More recently, in a massive beach clean-up drive across nine beaches and four rivers in Mumbai, PepsiCo India in partnership with GEM Enviro, a plastic recycling company that collects over 3000 PET bottles and over 1,000 other kinds of plastic in a month, deployed special collection trucks starting with Mahim beach and Mithi river to ship the ocean plastic to be segregated, cleaned and converted into t-shirts, waste bins, chairs and even traffic cones.
TOI travelled to Dindori in Nashik, the grape farming belt of
Maharashtra for a closer look at the polyester recycling plant using a patented chemical reprocessing technology to convert 2 million plastic pet bottles into wearable material every day.

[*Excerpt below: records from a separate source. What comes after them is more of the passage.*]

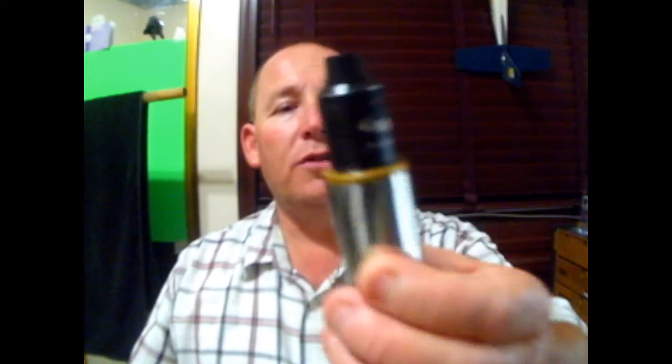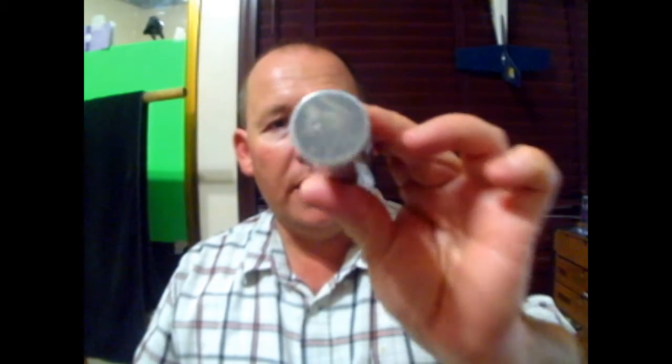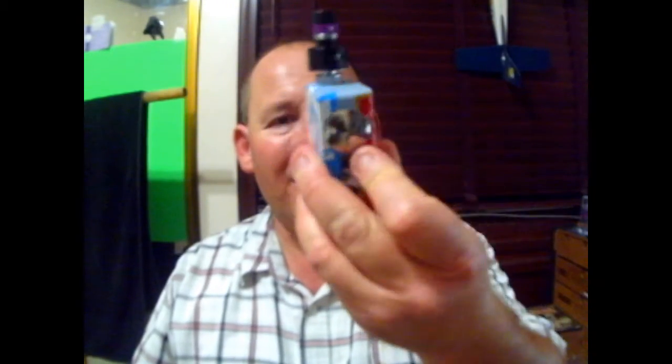Starting with this video, I want to let you know about this RDA. I mean, I have several ones, several other RDAs. Like the Mutation X version 4 — here it is, it's mounted on my Hades. And I also have the Derringer, this one is mounted on a mod that I made myself. And I have others including tanks, like this one the Trident from Aspire on one of my Sigelei 50 watts. But the purpose of this video is to let you know the pros about this Velocity Style RDA.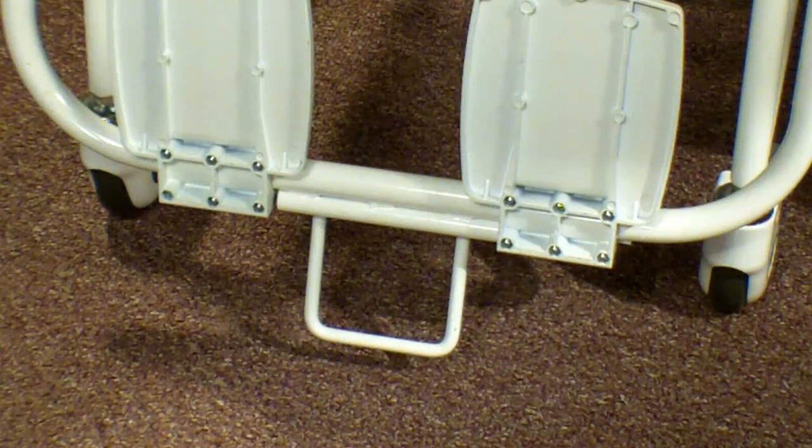The anti-tip bar on the bottom of the foot rest prevents the patient from accidentally tipping the chair scale forward when they get on or off the scale.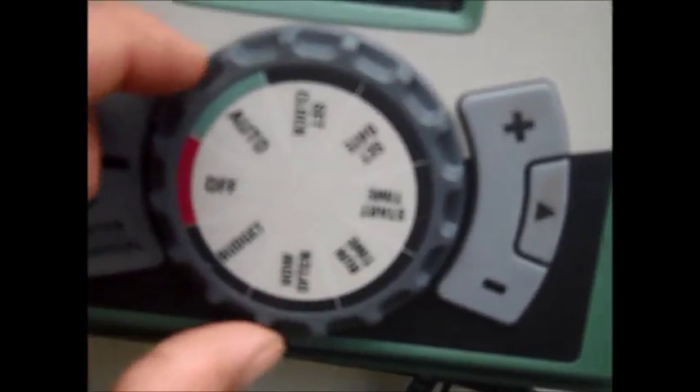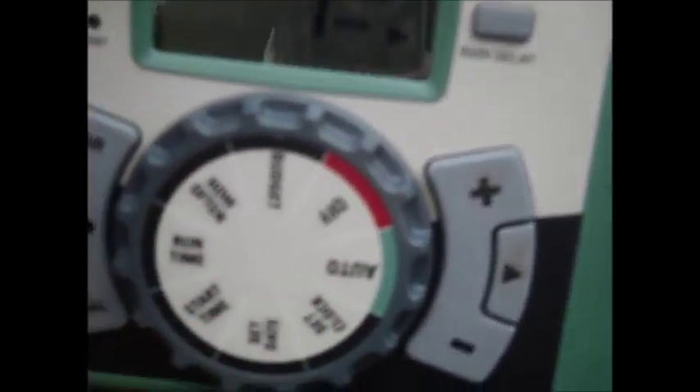Zone one is the propagation table. If I go to auto and push enter manual, it shows station one just came on for one minute — then I turn it off. So you can have that many start times. For run times, each station: propagation table zone one only comes on for one minute because it comes on frequently throughout the day. Zone two comes on for five minutes because it only comes on twice a day. You can program these minutes up to 240 minutes on each start time. For how often: I have this coming on every day — Sunday through Saturday — and you can turn individual days on or off. The budget is at 100%.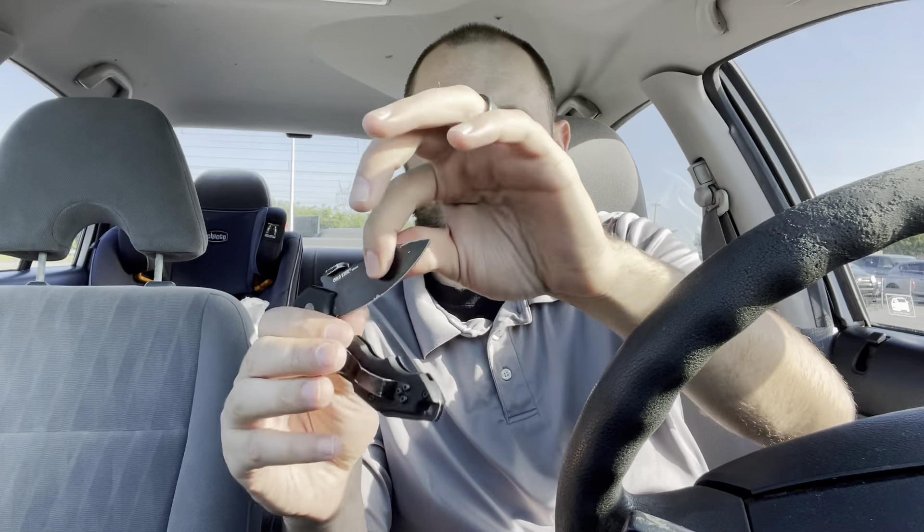You can use it as a thumb stud to just pop the knife open with one hand. The knife clip is reversible, so you can put it on this side or that side, which is kind of cool. It does have a lanyard hole, and there's this metal piece that they advertise as a non-lethal option as a weapon — you can kind of hit someone with that.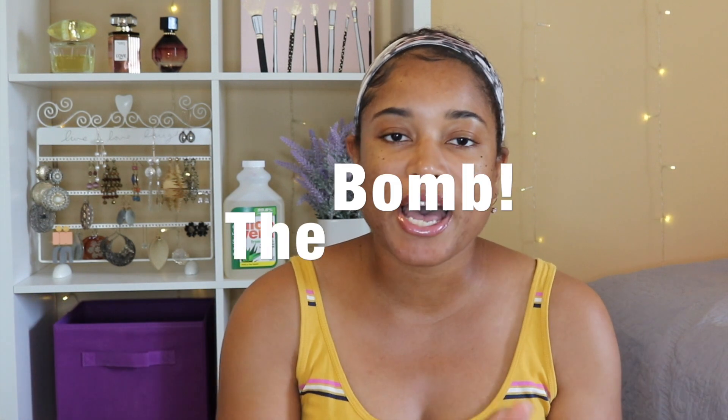Hey guys, it is your girl Kiara. I am back in the building and I am back with another video for you guys. In today's video I'm going to be talking about aloe vera juice. Yes, I tried it on my hair and let me tell you, it was the bomb — it was god-sent.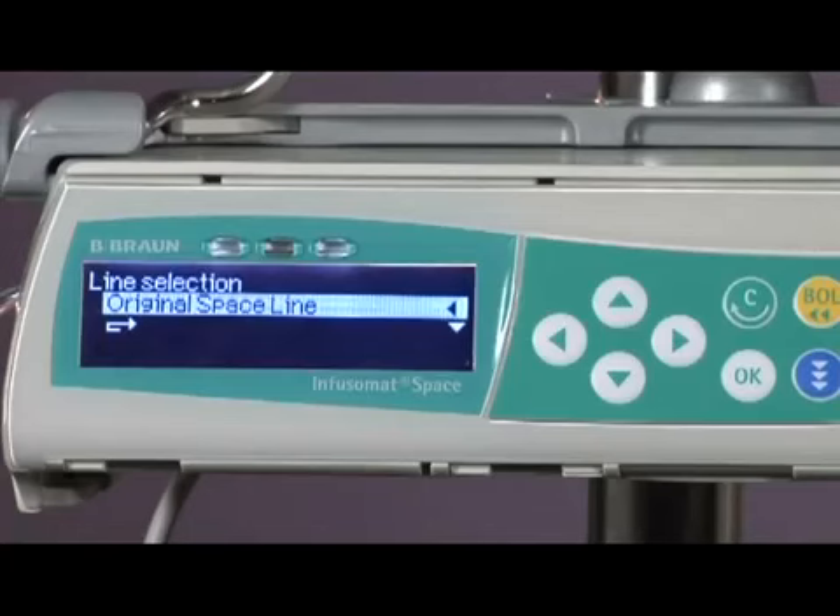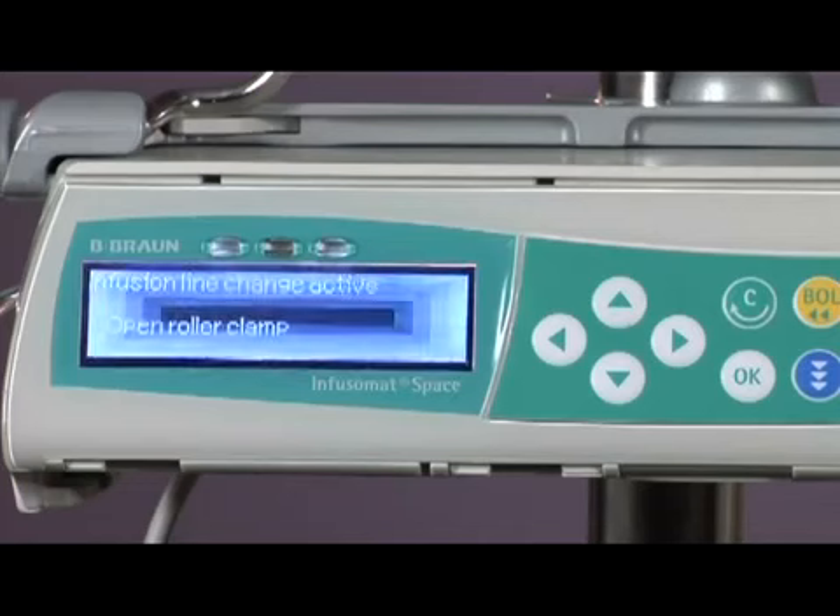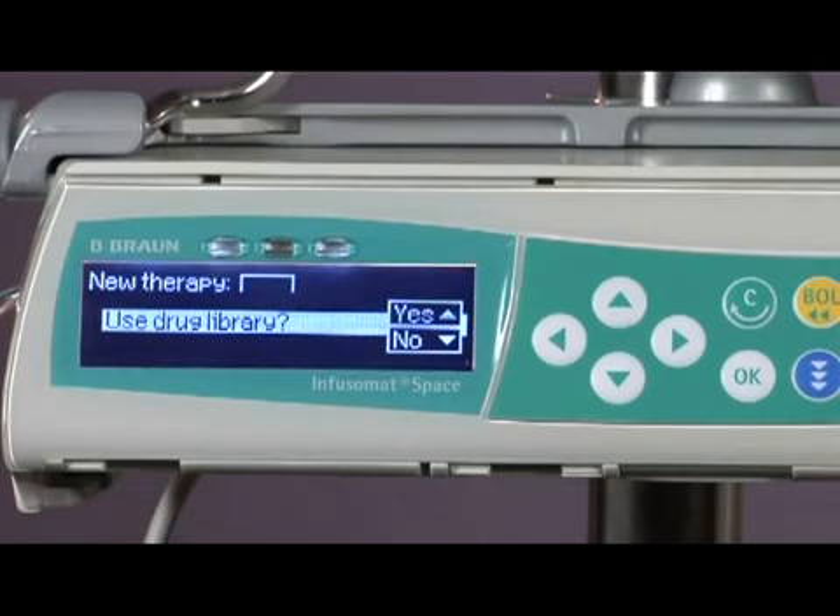When you see Line Selection, Original Space Line, select OK. The pump will then go through a short calibration of the set with a series of display messages. If you miss the prompts, the pump displays Use Drug Library or Use Last Therapy. You may then proceed to open the roller clamp and begin programming.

Moisture can be a bad thing for recycling process so the baled bottles collected from beaches are first taken to a facility in Vapi where they are shredded into flakes to get rid of those drops before being shipped to Dindori. It is here that the flakes are bathed in water and chemicals to remove "impurities" - caps, adhesive, labels, ink, colour and metals; melted into pellets and extruded into threads.
This reclaimed marine plastic yarn is then transported to Adidas's manufacturing bases around the world where they are crafted into those familiar trainers that reuse an average of 11 plastic bottles per pair while the green wave pattern across the uppers is made from illegal deep-sea fishing gill nets.
"At present we recycle 2 million bottles of one litre weightage a day. In two years we plan to start recycling 8 to 10 million bottles a day, which converts to a 100 metric tonnes of yarn daily," explained Makarand Kulkarni, CEO, Polygenta that has also tied up with hotels, malls, and NGOs to scale up the upcycling process.
Given the landfill space that plastic bottles usually occupy and 700 years that it takes to decompose, replacing virgin plastic with recycled marine plastic debris is also improving environmental footprint with "86 percent less use of water and carbon-di-oxide generation halved," he adds.
Afroz Shah who managed to clear 25 million kilos of garbage from the beaches at Versova, Danapani and Mithi River in the past two years, is also educating local businesses and residents around the "human-ocean conflict zones" to embrace circular economy. "It's important for multinationals to look beyond plastic bottles and collaborate with local communities to upcycle other categories of plastic waste too," stresses Shah who is working with local youth in Sagar Kutir Wadi, Siddharthnagar, Filter Pada and Chuna Pada on how to reuse discarded milk pouches and polythene bags that neither ragpickers nor big brands pick up.